Every entry must reappear in your answer exactly as written, though its pictures must not.

**Provided records**:
Start of Block
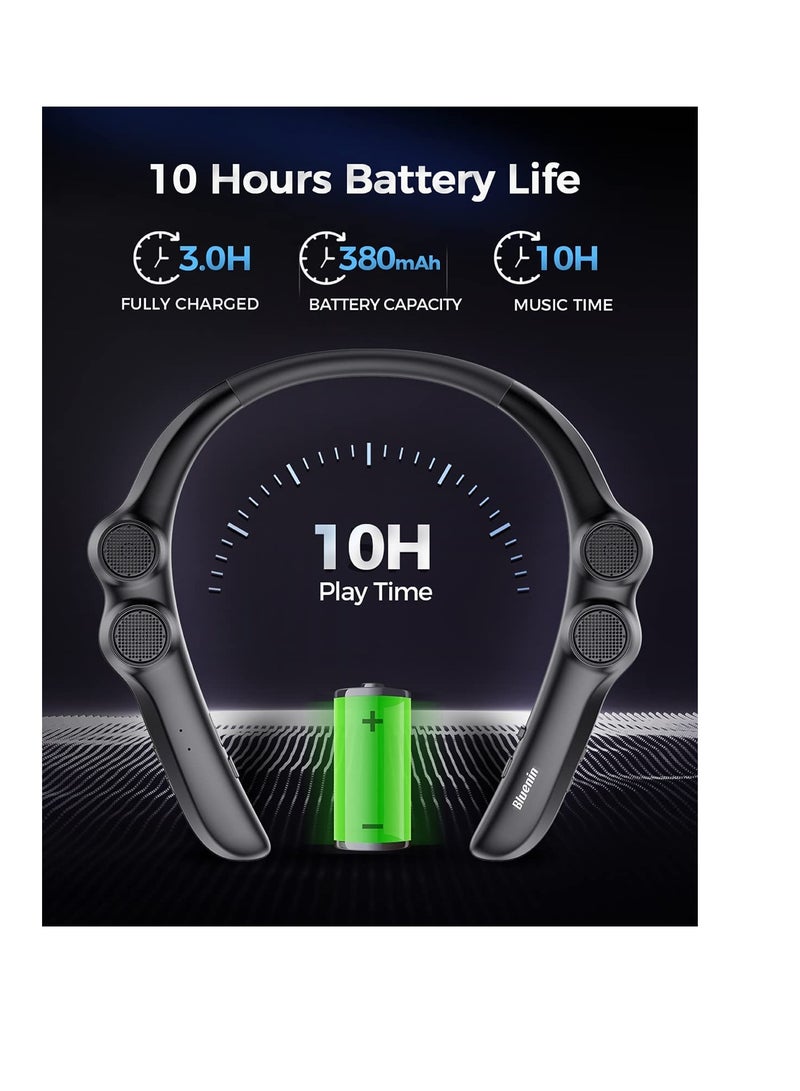 SYOSI Neckband Bluetooth Speakers, Black Wearable Wireless Speake, Personal Sport Speaker, 3D Surround Sound Stereo, for HomeOutdoor - Image 2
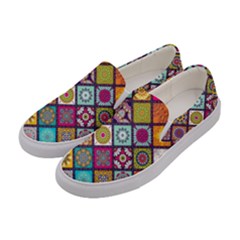 Pattern, Colorful, Floral, Patter, Texture, Tiles Women s Canvas Slip Ons by nateshop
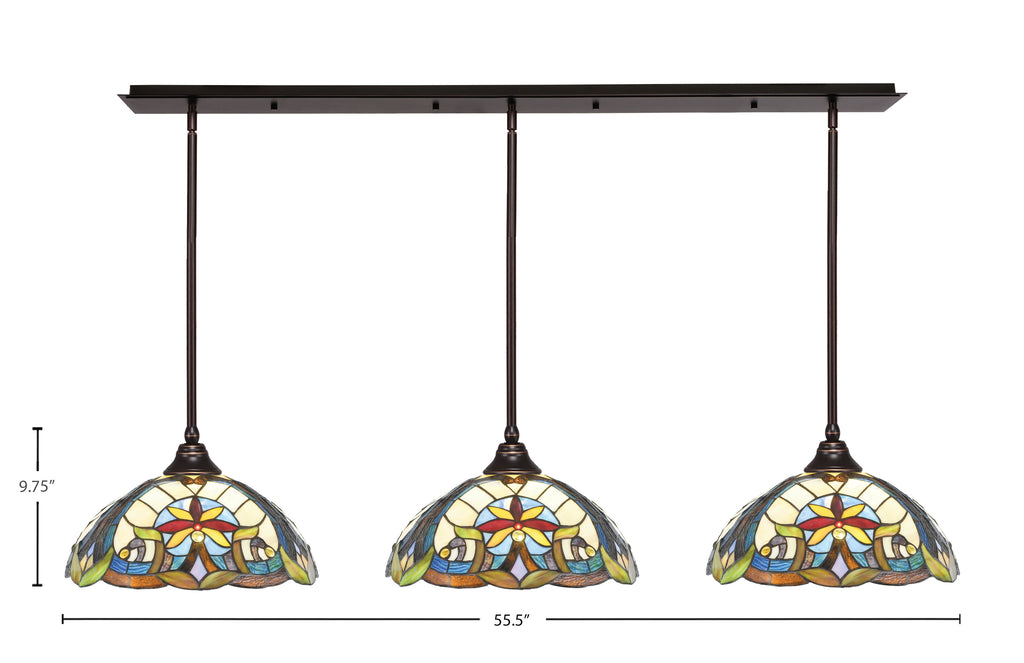 Stem Three Light Linear Pendalier in Dark Granite with Earth Star Art Glass Shade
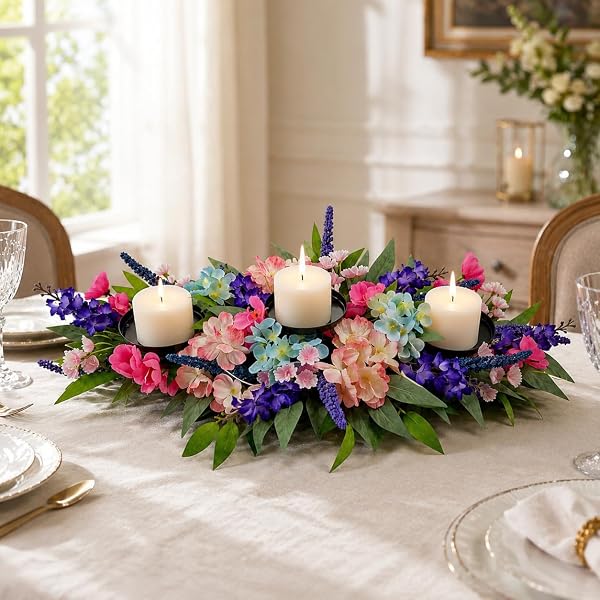 Charming Kitchen Table Centerpiece Ideas for Everyday Style 224 Spring Floral Candle Holder Arrangement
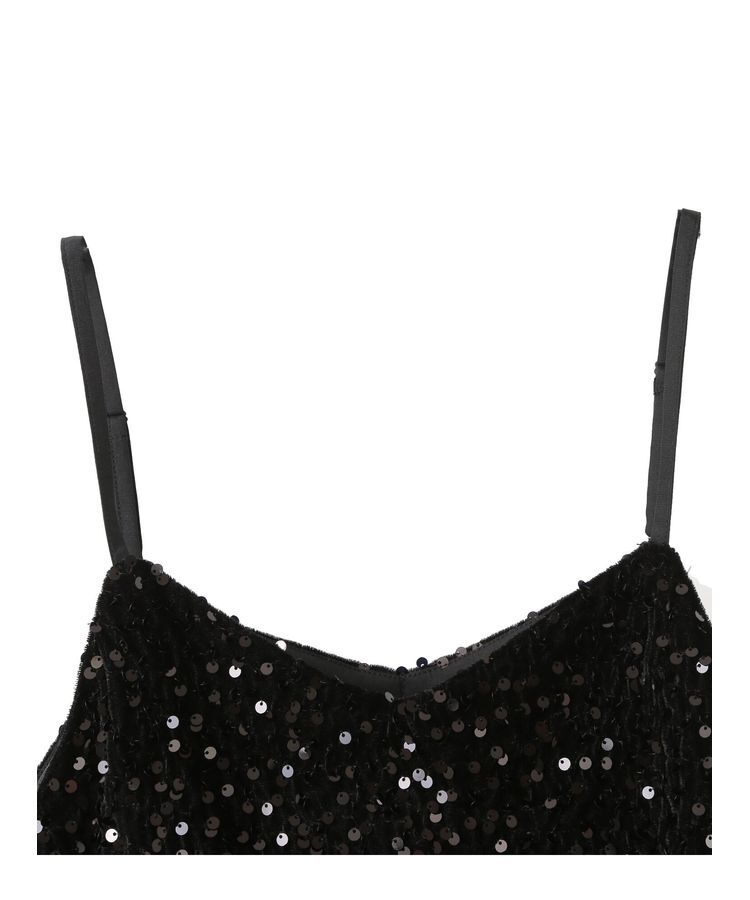 YECCA VECCA「ベロアスパンコールオーバーキャミ」|インナー|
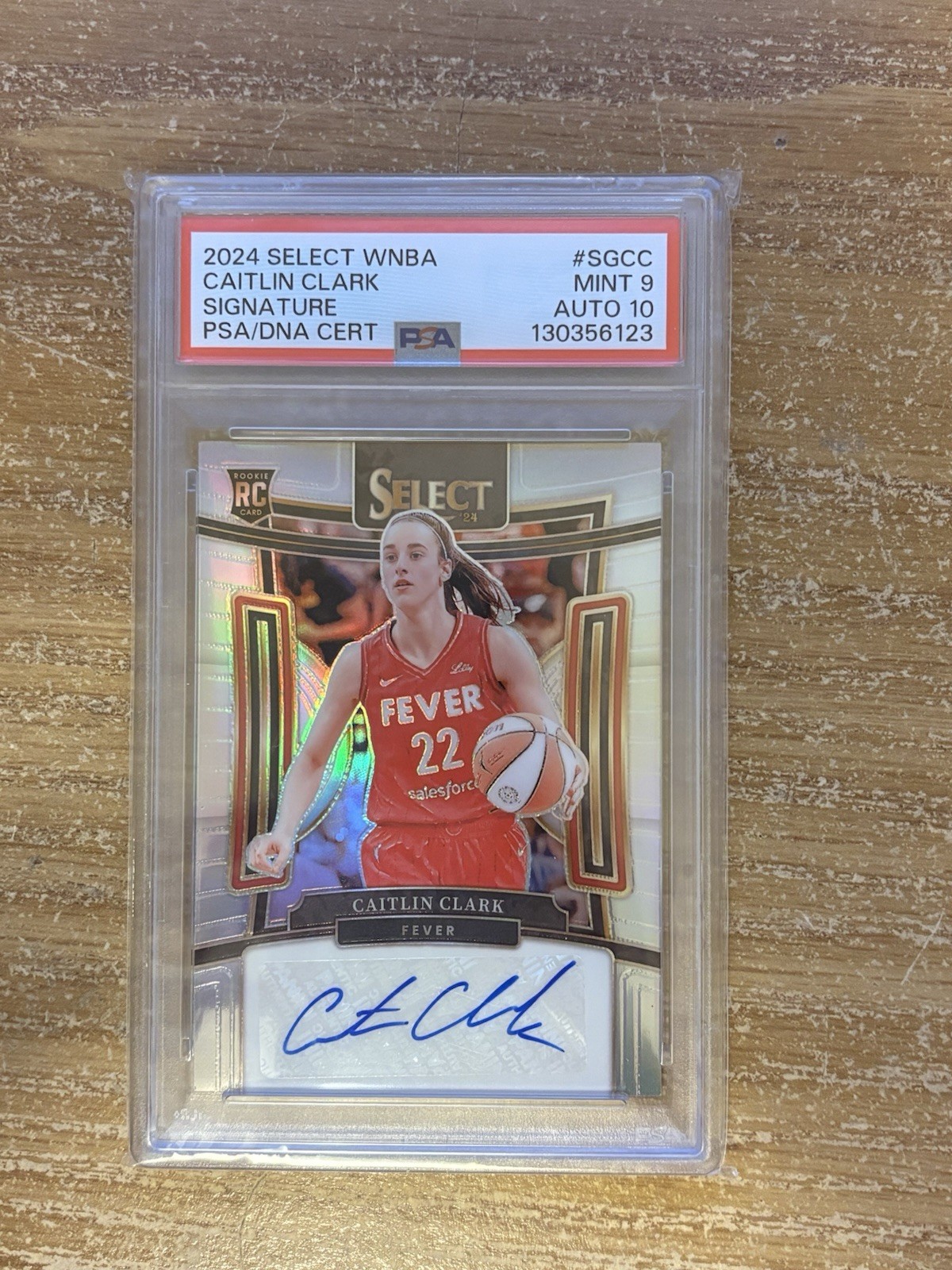 2024 PANINI SELECT WNBA SIGNATURES #SG-CC CAITLIN CLARK ROOKIE RC PSA 9 AUTO 10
End of Block
**Reply**:
 SYOSI Neckband Bluetooth Speakers, Black Wearable Wireless Speake, Personal Sport Speaker, 3D Surround Sound Stereo, for HomeOutdoor - Image 2
 Pattern, Colorful, Floral, Patter, Texture, Tiles Women s Canvas Slip Ons by nateshop
 Stem Three Light Linear Pendalier in Dark Granite with Earth Star Art Glass Shade
 Charming Kitchen Table Centerpiece Ideas for Everyday Style 224 Spring Floral Candle Holder Arrangement
 YECCA VECCA「ベロアスパンコールオーバーキャミ」|インナー|
 2024 PANINI SELECT WNBA SIGNATURES #SG-CC CAITLIN CLARK ROOKIE RC PSA 9 AUTO 10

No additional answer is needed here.